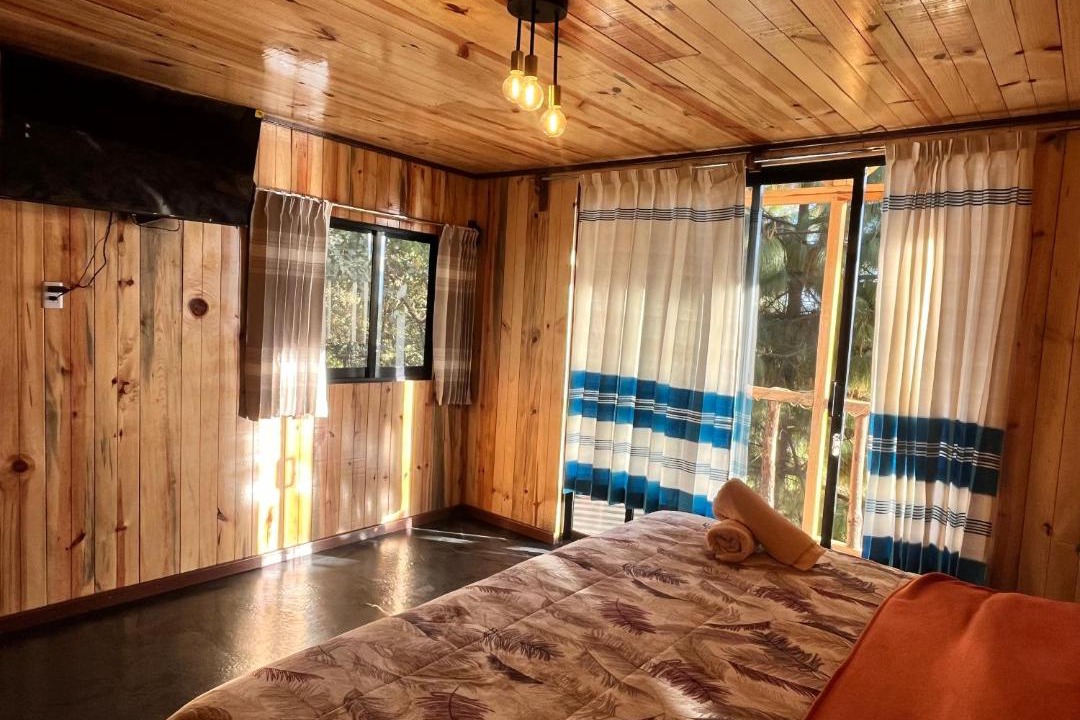Photo of Bedroom in San Jose del Pacifico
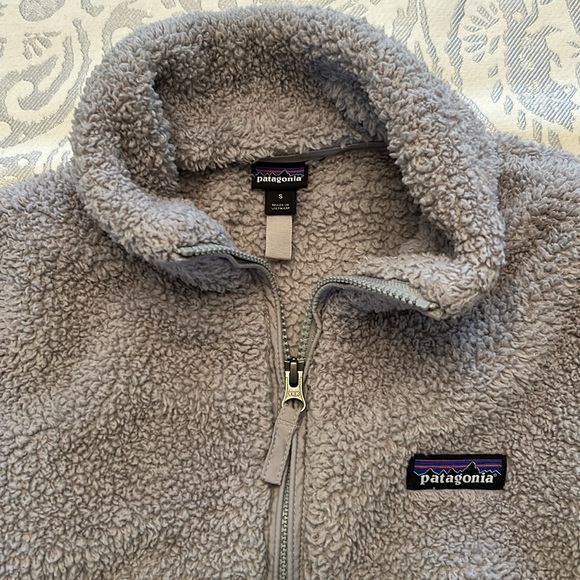 Patagonia Los Gatos 1/4 zip - Picture 2 of 3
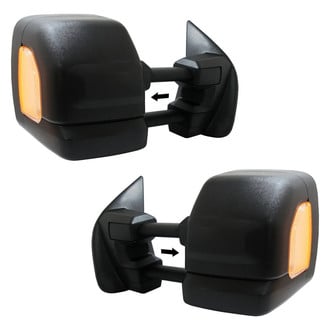 Alzare® - Towing Mirrors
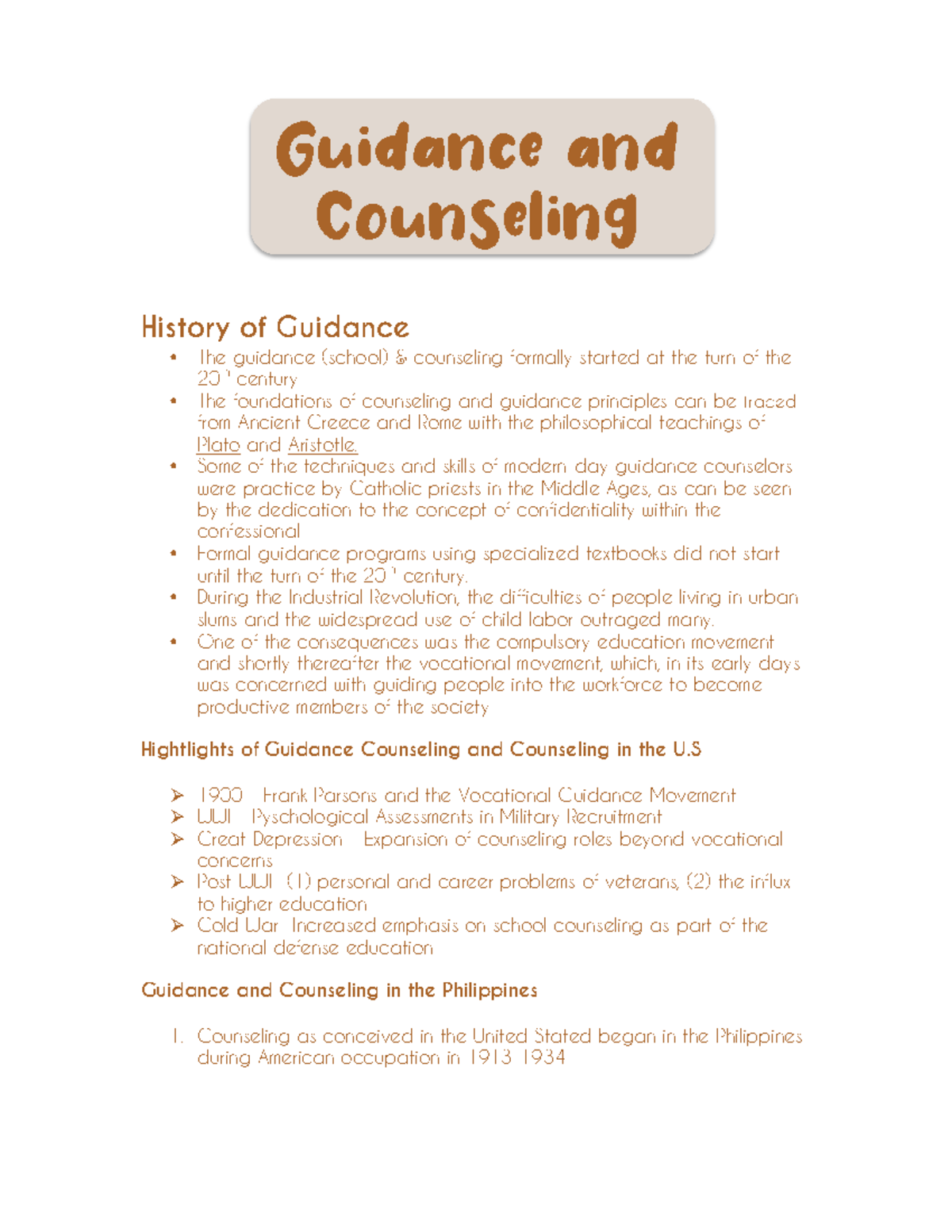 guidance-and-counseling-guidance-and-counseling-history-of-guidance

[Task statement]: Leave the pictures out. Otherwise, output the listing above exactly.

[Exercise answer]:
Photo of Bedroom in San Jose del Pacifico
 Patagonia Los Gatos 1/4 zip - Picture 2 of 3
 Alzare® - Towing Mirrors
 guidance-and-counseling-guidance-and-counseling-history-of-guidance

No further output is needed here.